En tout cas, j’ai été impressionné par ma traversée de la Corrèze, le plateau de Millevaches verdoyant, les vieilles maisons de pierre et ce sentiment d’abandon en traversant des villages vides. Il faut dire que la Corrèze (80 000 habitants de moins qu’en 1900), comme la Creuse (100 000), ont souffert de l’exode rural tout au long du XXème siècle, et cette déprise démographique est l’un des plus gros enjeux à l’échelle locale, s’ajoutant à un contexte de crise du modèle agricole (exportation de broutards vers l’Italie). Du fait d’un contretemps à Tulle, j’ai pris mon premier train jusqu’à La Souterraine, deuxième ville de la Creuse, avant de traverser le département d’ouest en est. Petit aparté pour les Parisiens qui me suivent : La Souterraine est accessible par un train direct d’Austerlitz en 2h45 (c’est sur la ligne de Limoges et Toulouse), la région est magnifique, et il y a même un itinéraire cyclable faisant le tour du département pour des vacances sportives :)

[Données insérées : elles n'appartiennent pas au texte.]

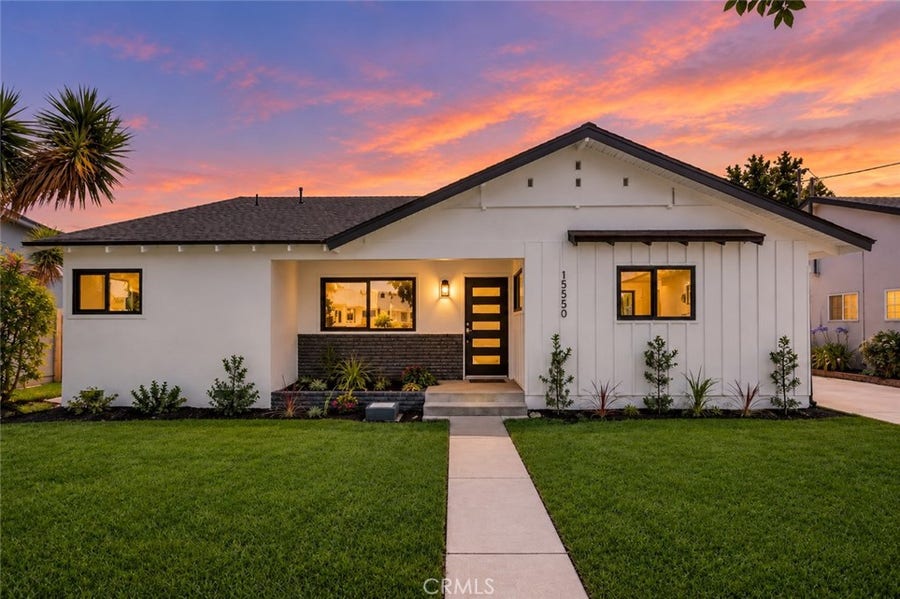 Property photo for 15550 Otsego Street, Encino, CA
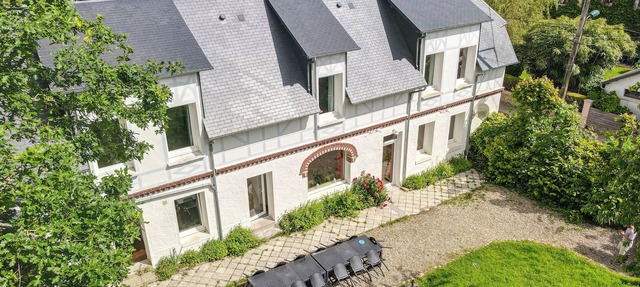 Villa Mathilde, a 2-minute walk from the beach in Saint-Pierre-en-Port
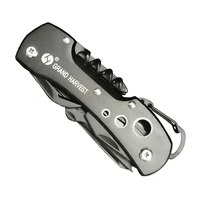 titanium black multifunction swiss knife outdoor camping survival army folding knife edc multi purpose tool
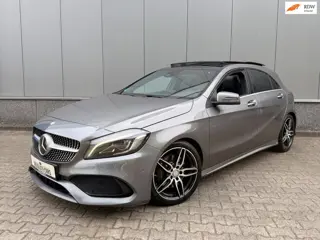 Mercedes-Benz A-klasse 250 Prestige AMG-Line Facelift Pano H&K Memory Cam ACC PDC Navi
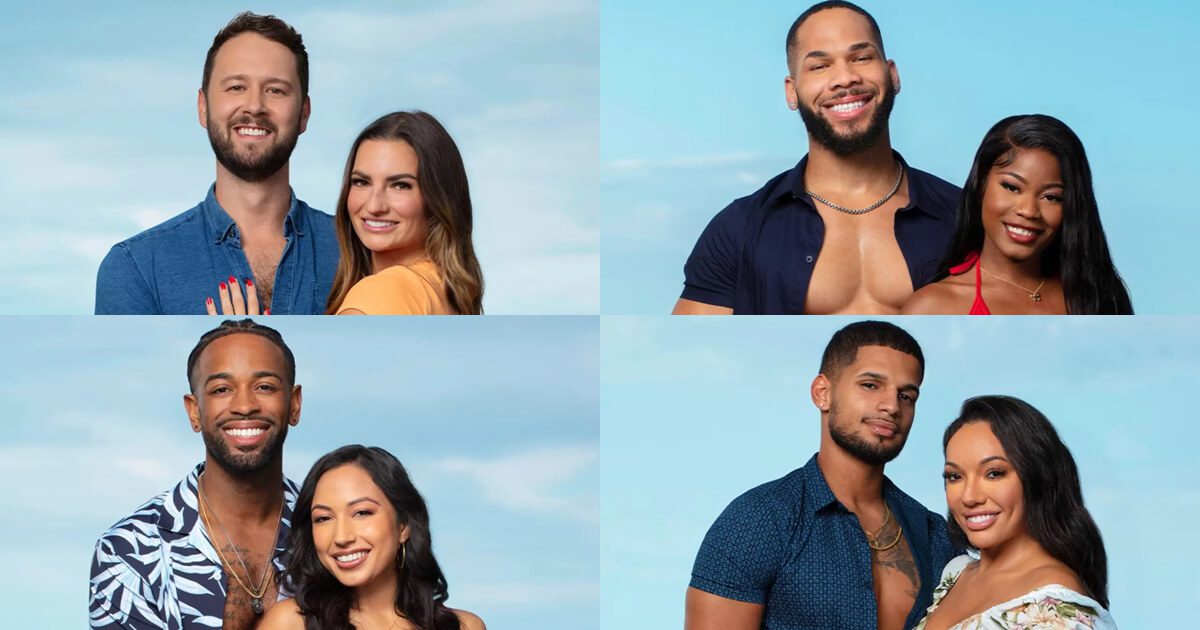 Elenco da 5ª temporada de Temptation Island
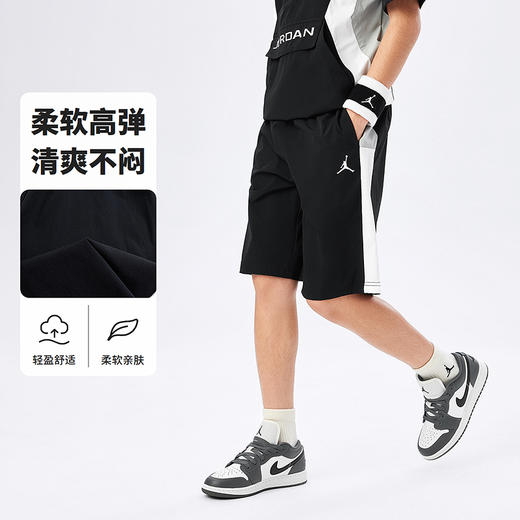 JORDAN 夏 小童大童 短袖T恤 JDB-WE-F034 商品图3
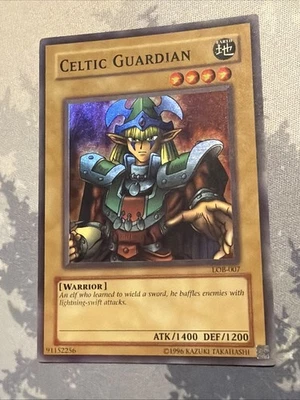 Celtic Guardian LOB-007 The Legend of Blue Eyes White Dragon Unlimited - Image 1 of 4
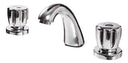 Grifería de Bacha Aqualaf Doble Comando Aq6000 - Sobremesada
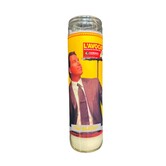 Gordon McKernan Candle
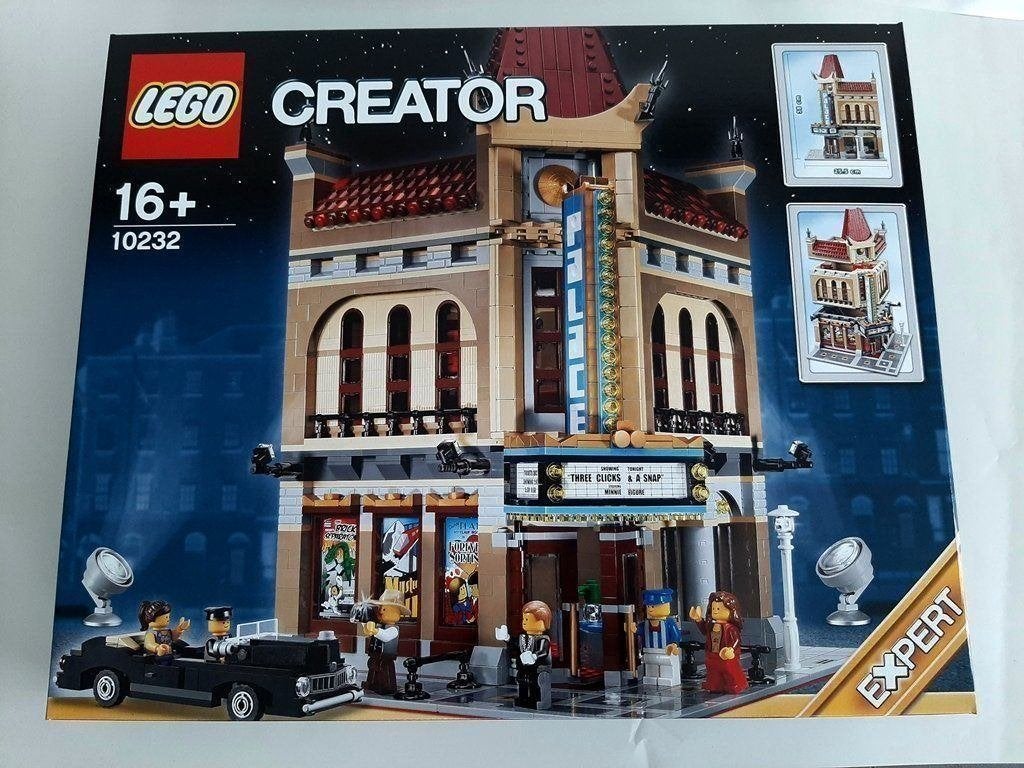 LEGO Creator 10232 Palace Cinema, Lego, Nieuw, Ophalen of Verzenden, Compleet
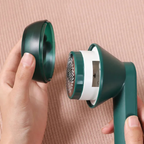 Rechargeable Electric Lint Remover – Portable Fabric Shaver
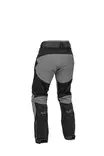 Lindstrands Tekstiilihousu Lofsdalen Pants Musta/teräksen harmaa Short leg S50 - Duell ajovarusteet - 29122 - 1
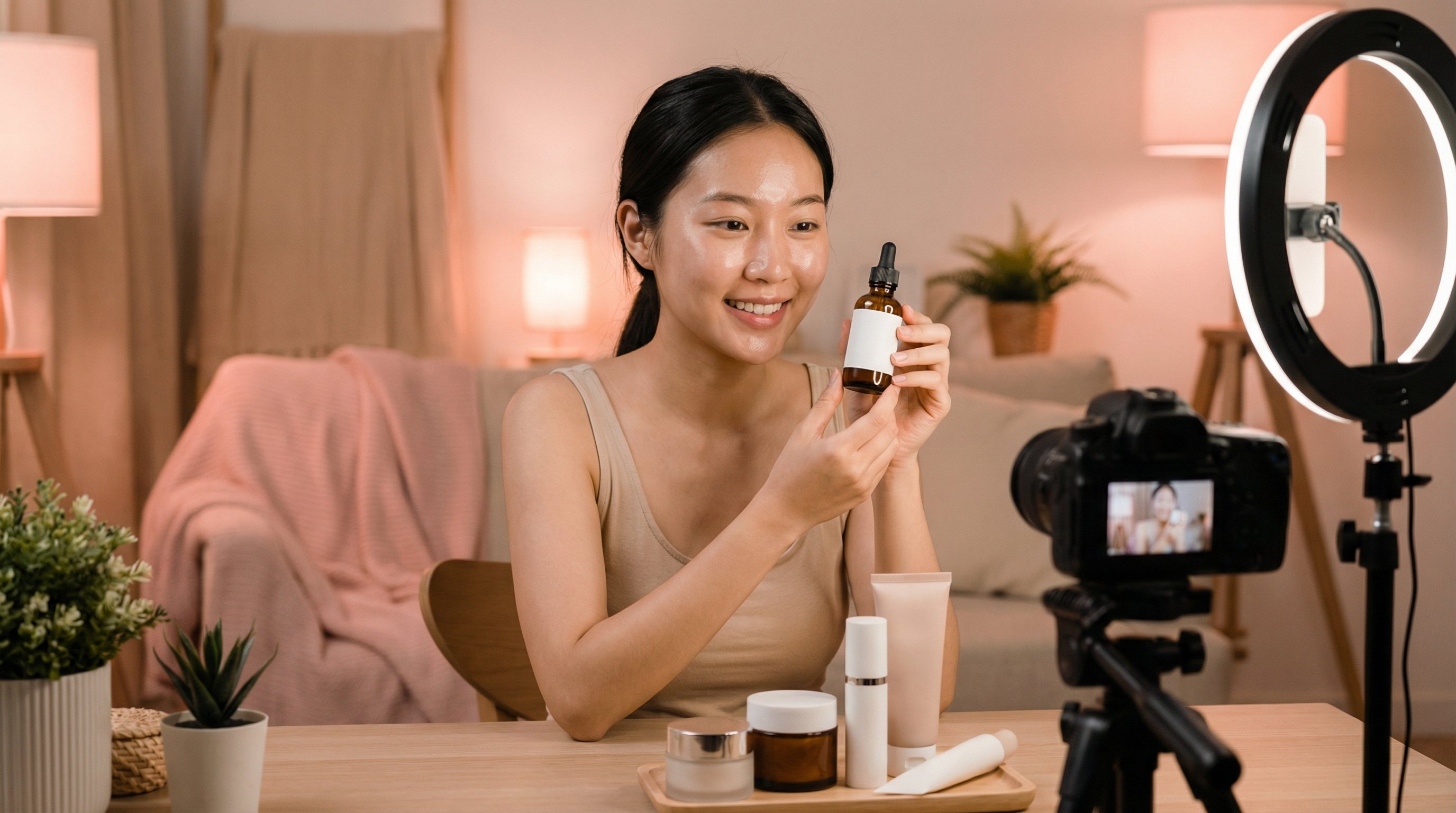 大象传媒美妆护肤视频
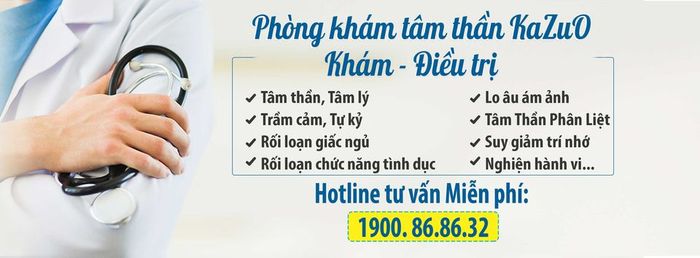 Hệ thống phòng khám tiêu chuẩn tại KaZuO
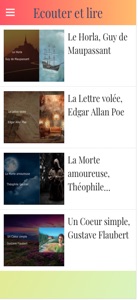 Le Horla (French) screenshot #1 for iPhone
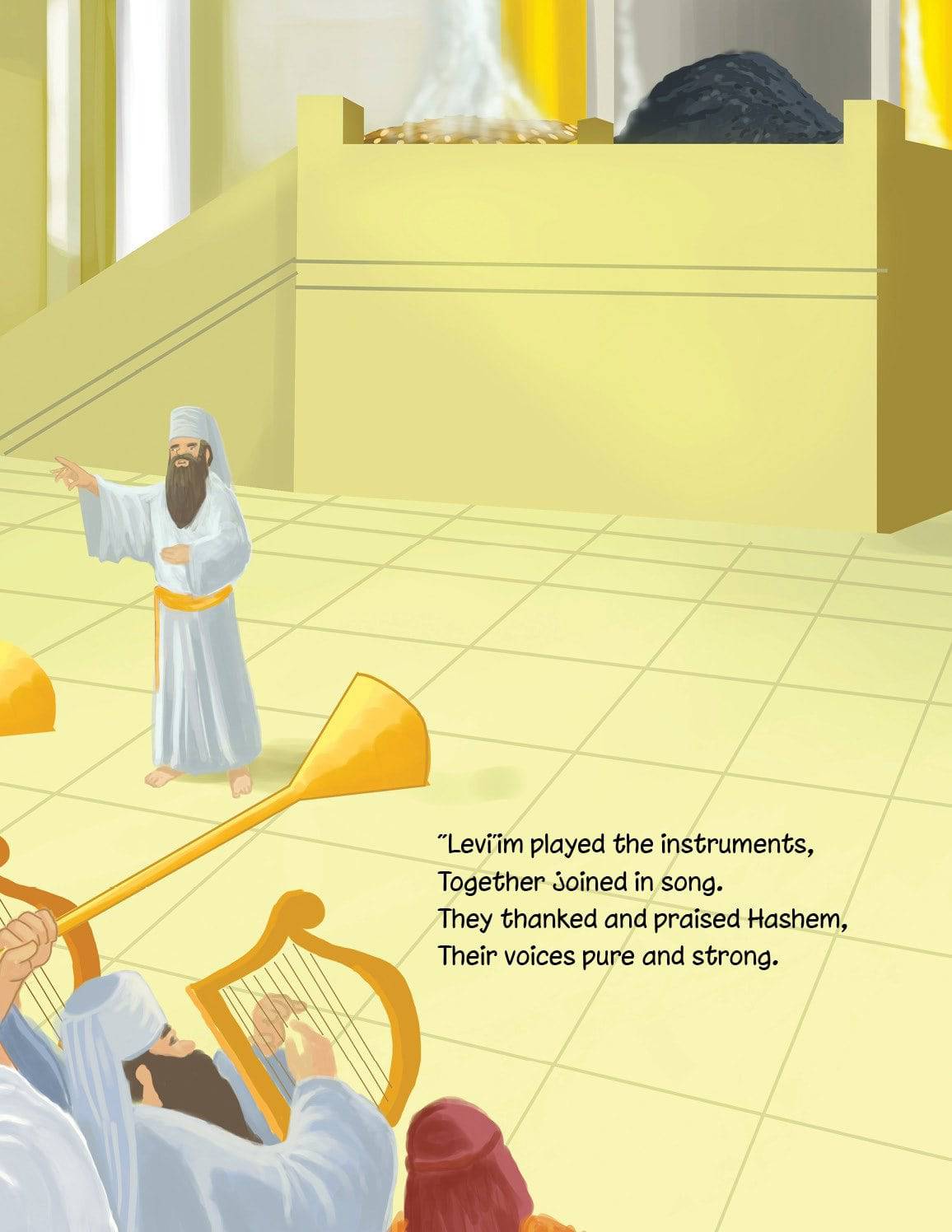 Let's Tell the Story of the Beis Hamikdash by Sara Blau — Judaica Press (image 7)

Jeudi, j’ai passé une journée un peu longue sous la pluie avec vent de face, qui s’est heureusement terminée sous le soleil de Montluçon, où j’ai été accueilli par un ami qui m’a fait découvrir cette très jolie ville. Vendredi, j’ai pris le bus pour ne pas rater mon rendez-vous à Clermont face aux volcans, toujours une vision très imposante. Deux amis m’ont rejoint et nous avons alors traversé l’Auvergne en direction du Puy-en-Velay (spoiler : mes amis n’y sont jamais arrivés ; l’un ayant cassé sa chaîne et l’autre ayant crevé sa roue, ce qui a clairement coupé notre élan le dimanche). Entre la chaîne des Puys et le Livradois, nous avons traversé des paysages incroyables, gravi de belles montées, mais grandement souffert face au vent alors que la Haute-Loire entrait en vigilance orange Météo France (évidemment, on avait le vent de face, on a bien senti les montées et les descentes à 14km/h).
Bref, vive le vélo !
Des rencontres inspirantes
Cette semaine, j’ai eu des discussions passionnantes. D’abord à Limoges, avec le maire LR Emile-Roger Lombertie, avec qui nous avons parlé des facteurs de résilience de la ville face à la crise (absence d’industries vulnérables, présence de nombreuses startups écologiques, filière de la céramique et de la porcelaine en excellente santé) avant de discuter plus largement de notre “société en pleine mutation”, fracturée entre urbains et ruraux (“les urbains ne se rendent pas compte que fragiliser l’agriculture, c’est fragiliser leurs libertés”). A Tulle, j’ai déjeuné avec Alexandre Murat, directeur général des services du département de la Corrèze, qui m’a parlé des difficultés de ce territoire enclavé, qui représente la “France d’avant”. Ces difficultés sont accentuées par l’absence de l’État dans ce territoire (la délégation départementale de l’ARS en Corrèze compte seulement 4 agents, ce qui est bien insuffisant pendant la crise sanitaire) et l’éloignement de la région à la suite de la création de la Nouvelle-Aquitaine en 2016. Les solutions de rebond résident notamment dans la coopération interdépartementale et dans la contractualisation : la Corrèze est le seul département à avoir signé un Contrat de transition écologique avec l’État (alors même que l’environnement n’est pas directement une compétence de cet échelon). Mon tour du Limousin s’est terminé à Guéret où j’ai échangé avec Renaud Nury, secrétaire général de la préfecture de la Creuse, la plus petite préfecture de France. Nous avons notamment parlé du Plan pour la Creuse de 80M€ sur trois ans signé avec le gouvernement, un pacte territorial qui n’existe que dans 12 départements, mais aussi de l’affaiblissement de la présence de l’État à cette échelle à la suite de la réforme de l’administration territoriale de l’État de 2008. Un motif d’espoir : le 8 avril dernier, lors de la Convention managériale de l’État, Emmanuel Macron a annoncé que le département était une maille pertinente et promis la création de 2500 postes de fonctionnaires territoriaux dans les prochaines années pour renforcer cette présence.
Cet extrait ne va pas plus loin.